Storing and accessing dataframe objects-CodePudding

I'm trying to read some excel files as pandas dataframes. The problem is they are quite large (about 2500 rows, columns up to 'CYK' label in the excel sheet, and there are 14 of them).

Every time that I run my program, it has to import again the files from excel. This causes the runtime to grow a lot, currently it's a bit more than 15 minutes and as of now the program doesn't even do anything significant except importing the files.

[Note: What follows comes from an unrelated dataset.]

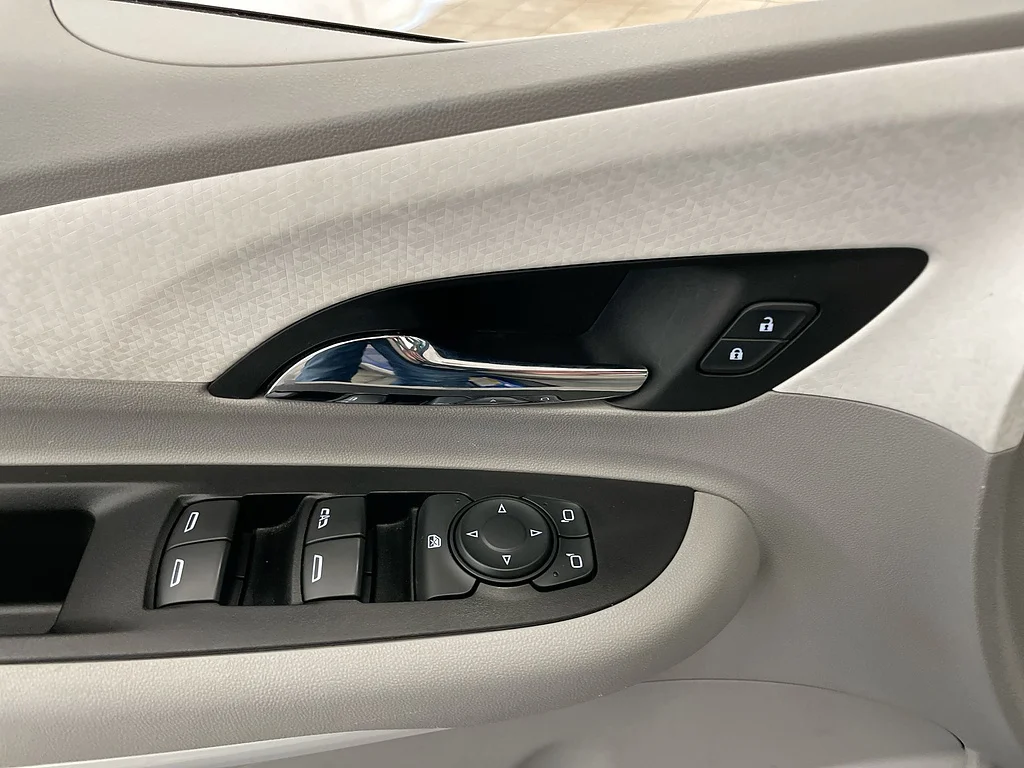 Used 2020 Kinetic Blue Metallic Chevrolet Premier image 21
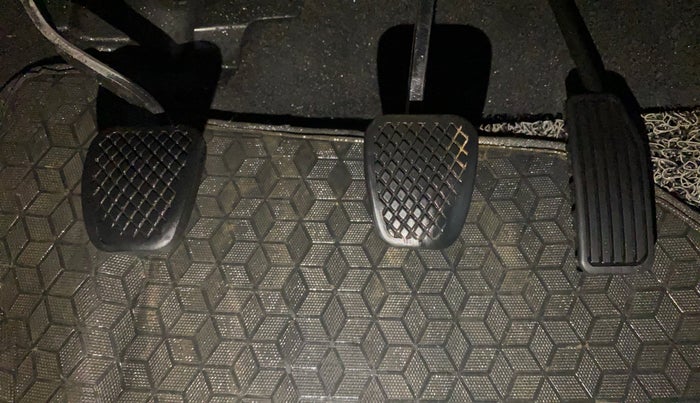 2016 Honda BR-V 1.5L I-VTEC V, Petrol, Manual, 53,594 km, Pedals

I would like to be able to import the files just once, then save the dataframe objects somewhere and make my program work only on those dataframes.

Any suggestions?

This is the code I developed until now:

import pandas as pd
import os

path = r'C:/Users/damia/Dropbox/Tesi/WIOD'
dirs = os.listdir(path)

complete_dirs = []
for f in dirs:
    complete_dirs.append(path   r"/"   f)

data = []
for el in complete_dirs:
    wiod = pd.read_excel(el, engine='pyxlsb')
    data.append(wiod)

If anyone is interested, you can find the files I'm trying to read at this link: http://www.wiod.org/database/wiots16

CodePudding user response：

You could use the to_pickle and read_pickle methods provided by pandas to serialize the dataframes and store them in files. docs

Example pickling:

data = []
pickle_paths = []
for el in complete_dirs:
    wiod = pd.read_excel(el, engine='pyxlsb')
    # here's where you store it
    pickle_loc = 'your_unique_path_to_save_this_frame'
    wiod.to_pickle(pickle_loc)
    pickle_paths.append(pickle_loc)
    data.append(wiod)

Depickling

data = []
for el in pickle_paths:
    data.append(pd.read_pickle(el))

CodePudding user response：

Another solution using to_pickle and read_pickle.

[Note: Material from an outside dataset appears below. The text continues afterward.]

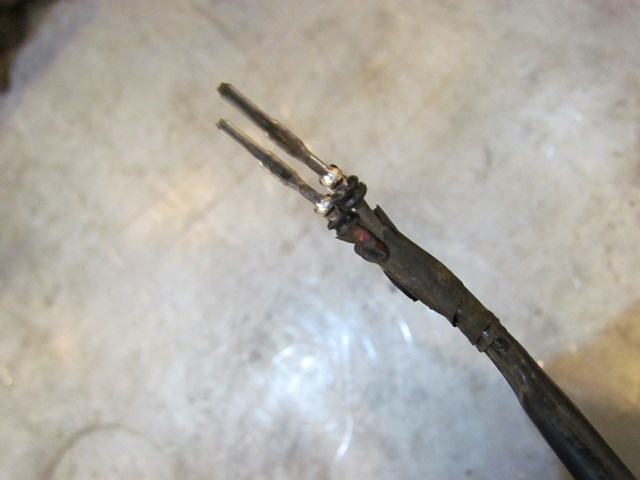 2004 Subaru Forester XT RH Passenger Fog Light. Damaged, SEE PICTURES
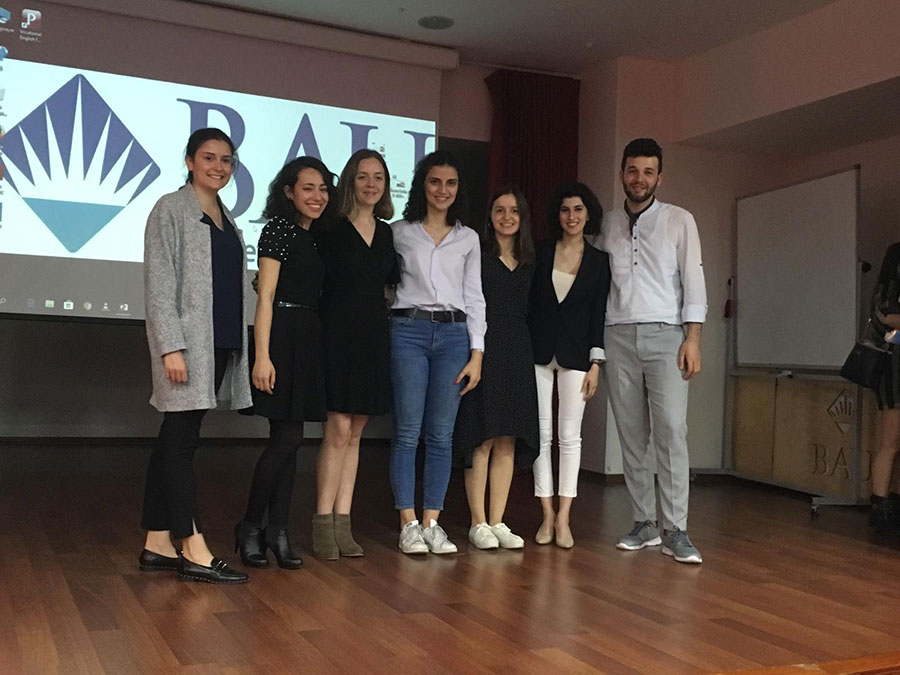 Pediatride Vakalar Eşliğinde Beslenme Sempozyumu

As an aside, you can read Excel files directly from URLs if you don't want to save to your drive first.

#read each file from the URL and save to disk
for year in range(2000, 2015):
    pd.read_excel(f"http://www.wiod.org/protected3/data16/wiot_ROW/WIOT{year}_Nov16_ROW.xlsb").to_pickle(f"{year}.pkl")

#read pickle files from disk to a dataframe
data = list()    
for year in range(2000, 2015):
    data.append(pd.read_pickle(f"{year}.pkl"))
data = pd.concat(data)